Así, pues, no tiene de qué asustarse, querido señor Kappus, si ante usted se alza una tristeza tan grande como nunca la haya sentido; o si una inquietud como luz o sombra de nubes cae sobre sus manos y hace efecto en usted. Tiene que pensar que algo le acontece, que la vida no le ha olvidado, que lo tiene en sus manos y que no le dejará caer. ¿Por qué quiere excluir de su vida toda inquietud, dolor o melancolía? ¿Ignora que tales estados trabajan en usted? ¿Por qué quiere acosarse a sí mismo con preguntas sobre su origen y su fin? Usted sabe que se halla en una encrucijada y que no deseaba otra cosa que no fuera transformarse. Si en su proceso interior contrae una enfermedad, piense que la enfermedad es el medio del que se sirve el organismo para liberarse de lo extraño; limítese a ayudarle a estar enfermo, a dejar que aflore y estalle toda su enfermedad, pues ese es su progreso. ¡En usted, querido señor Kappus, están ocurriendo tantas cosas! Debe ser paciente como un enfermo y confiado como un convaleciente. Pues quizá sea usted ambas cosas. Y lo que es más, usted mismo es el médico que ha de velar por usted. Pero tenga en cuenta que en toda enfermedad hay días en los que el médico no puede hacer más que esperar. Y esto es lo que usted, en cuanto es su propio médico, sobre todo, debe hacer ahora.

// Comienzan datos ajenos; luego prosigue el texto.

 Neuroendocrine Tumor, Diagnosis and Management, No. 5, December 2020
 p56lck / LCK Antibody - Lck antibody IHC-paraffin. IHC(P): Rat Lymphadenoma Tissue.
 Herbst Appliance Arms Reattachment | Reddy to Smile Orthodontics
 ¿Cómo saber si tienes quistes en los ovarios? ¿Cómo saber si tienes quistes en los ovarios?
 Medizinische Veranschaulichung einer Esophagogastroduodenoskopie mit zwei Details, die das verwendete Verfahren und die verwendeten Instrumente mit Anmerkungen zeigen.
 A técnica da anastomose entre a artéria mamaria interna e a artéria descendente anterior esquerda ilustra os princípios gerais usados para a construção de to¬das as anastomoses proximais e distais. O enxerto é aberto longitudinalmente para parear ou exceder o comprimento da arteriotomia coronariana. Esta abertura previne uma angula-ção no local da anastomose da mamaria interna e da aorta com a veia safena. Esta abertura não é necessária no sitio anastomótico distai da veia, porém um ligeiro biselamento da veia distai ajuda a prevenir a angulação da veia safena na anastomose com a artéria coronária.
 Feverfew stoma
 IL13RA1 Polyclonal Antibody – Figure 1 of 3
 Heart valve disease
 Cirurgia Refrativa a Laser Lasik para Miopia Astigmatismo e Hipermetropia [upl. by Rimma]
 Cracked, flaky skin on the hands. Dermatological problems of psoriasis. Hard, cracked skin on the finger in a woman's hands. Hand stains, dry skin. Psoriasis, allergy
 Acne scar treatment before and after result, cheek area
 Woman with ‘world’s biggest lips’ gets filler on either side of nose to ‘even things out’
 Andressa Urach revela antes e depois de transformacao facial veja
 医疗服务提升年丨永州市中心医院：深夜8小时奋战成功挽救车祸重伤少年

No se observe demasiado. No saque conclusiones precipitadas acerca de lo que le está ocurriendo; deje simplemente que las cosas le sucedan. De lo contrario, llegará con demasiada facilidad a mirar su pasado con reproches (es decir, como un moralista); un pasado que, como es natural, forma parte de lo que ahora le está sucediendo. Los errores, deseos y nostalgias de su niñez que actúan ahora en usted, no es lo que usted recuerda y prejuzga. Las insólitas relaciones de una niñez solitaria y desamparada son tan difíciles, tan complicadas, tan sometidas a tantas influencias y, al mismo tiempo, tan desconectadas de toda real conexión con la vida, que cuando un vicio se introduce en ella, no se lo puede llamar vicio sin más. Hay que ser muy cauto con los nombres. Con frecuencia es el nombre de un crimen lo que hace naufragar una vida, y no la acción individual y sin nombre, que quizá no era más que una determinada necesidad de esa vida, la cual podía aceptar aquella acción con inocencia y sin esfuerzo. Y el esfuerzo necesario le parece a usted tan grande, porque sobrevalora la victoria; la victoria, lo que usted cree haber logrado, no es lo «grande», aunque sí tiene razón con su sentimiento; lo grande es que ya había algo allí, algo que podía colocar en el lugar de la antigua mentira, algo genuino y auténtico. Sin esto, su victoria habría sido también una reacción moralista, sin ningún significado ulterior. De esta forma, sin embargo, ha llegado a convertirse en parte de su vida. De su vida, querido señor Kappus, en la que pienso con tan buenos deseos. ¿Se acuerda usted de cómo a lo largo de su vida, desde la infancia, ha sentido nostalgia por lo «grande»? Ya veo cómo anhela desde lo grande lo máximo.